===== Data extract

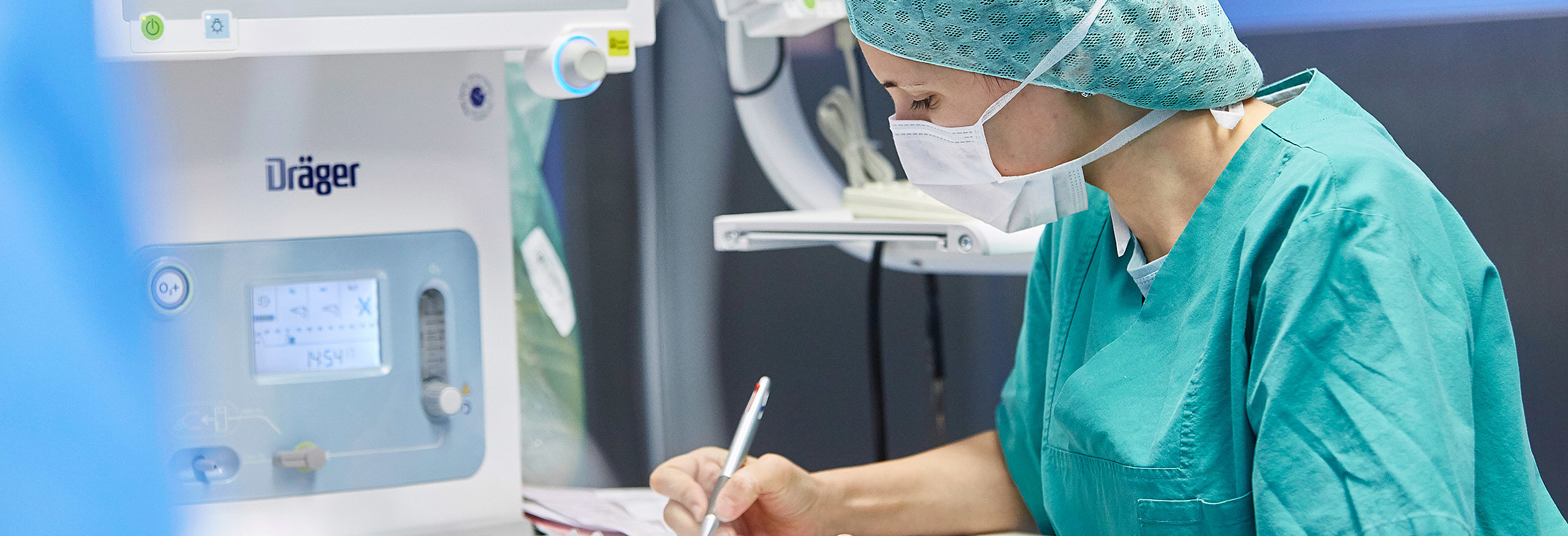 Eine Mitarbeiterin der Klinik für Unfallchirurgie, Orthopädie und Handchirurgie in Kaiserslautern in OP-Kleidung notiert etwas auf einem Blatt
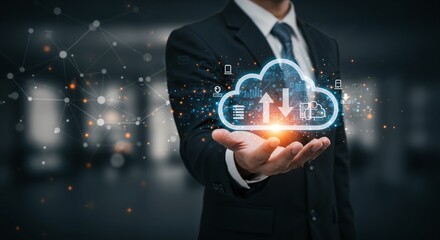Naklejka premium Professional man in a suit presenting a digital cloud storage icon with data upload and download symbols in a modern office environment, showcasing technology and innovation in data management.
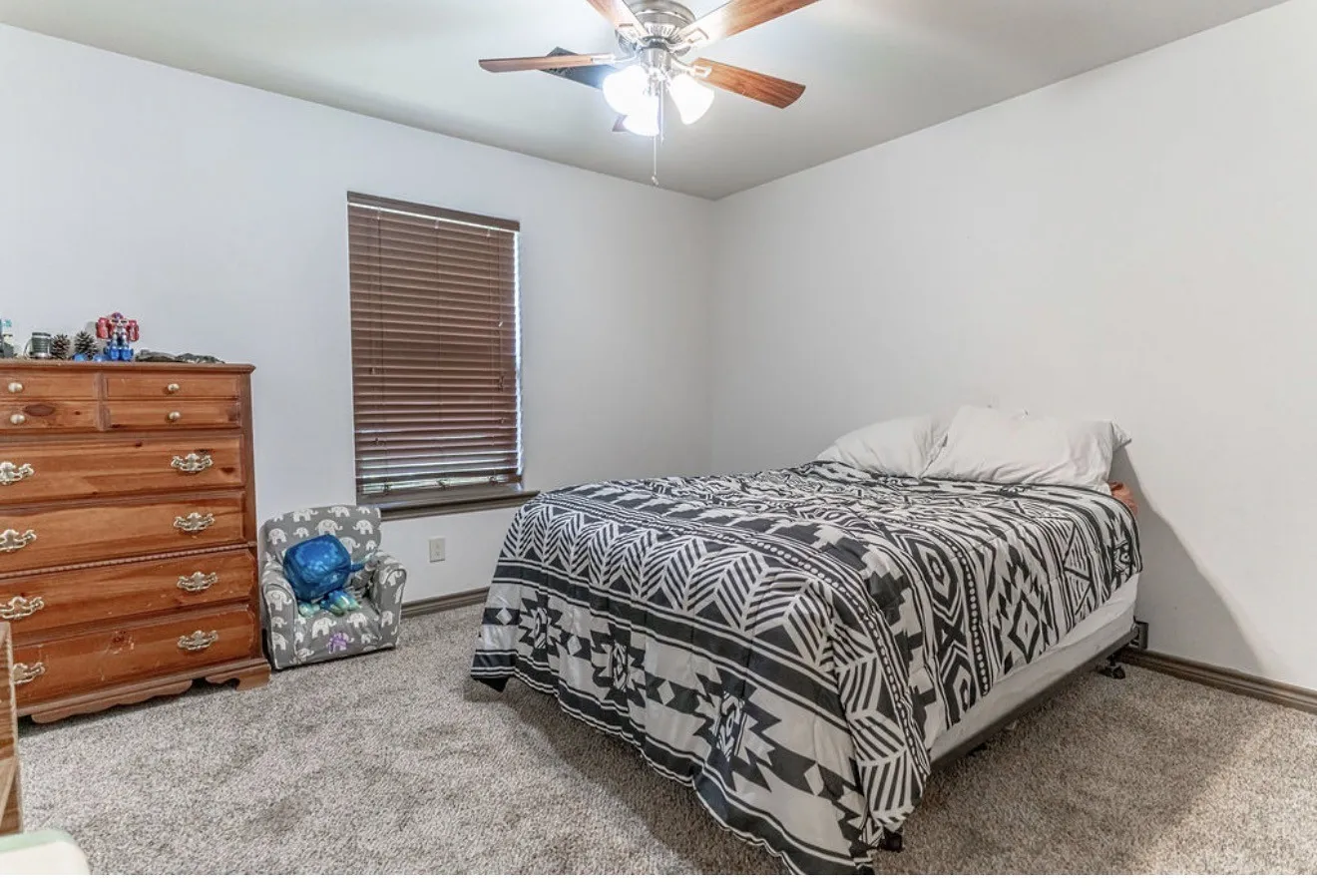 Room featuring light gray carpet flooring, white walls, and a window with wood-finish blinds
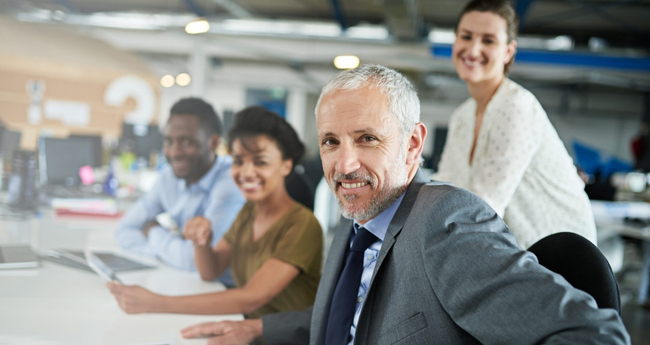 Senior team leader in modern office with diverse IT team in the background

==========

#### [Prompt]
Once the pictures have been removed, reproduce each line of the material above exactly.

#### [Answer space]
 Eine Mitarbeiterin der Klinik für Unfallchirurgie, Orthopädie und Handchirurgie in Kaiserslautern in OP-Kleidung notiert etwas auf einem Blatt
Naklejka premium Professional man in a suit presenting a digital cloud storage icon with data upload and download symbols in a modern office environment, showcasing technology and innovation in data management.
 Room featuring light gray carpet flooring, white walls, and a window with wood-finish blinds
 Senior team leader in modern office with diverse IT team in the background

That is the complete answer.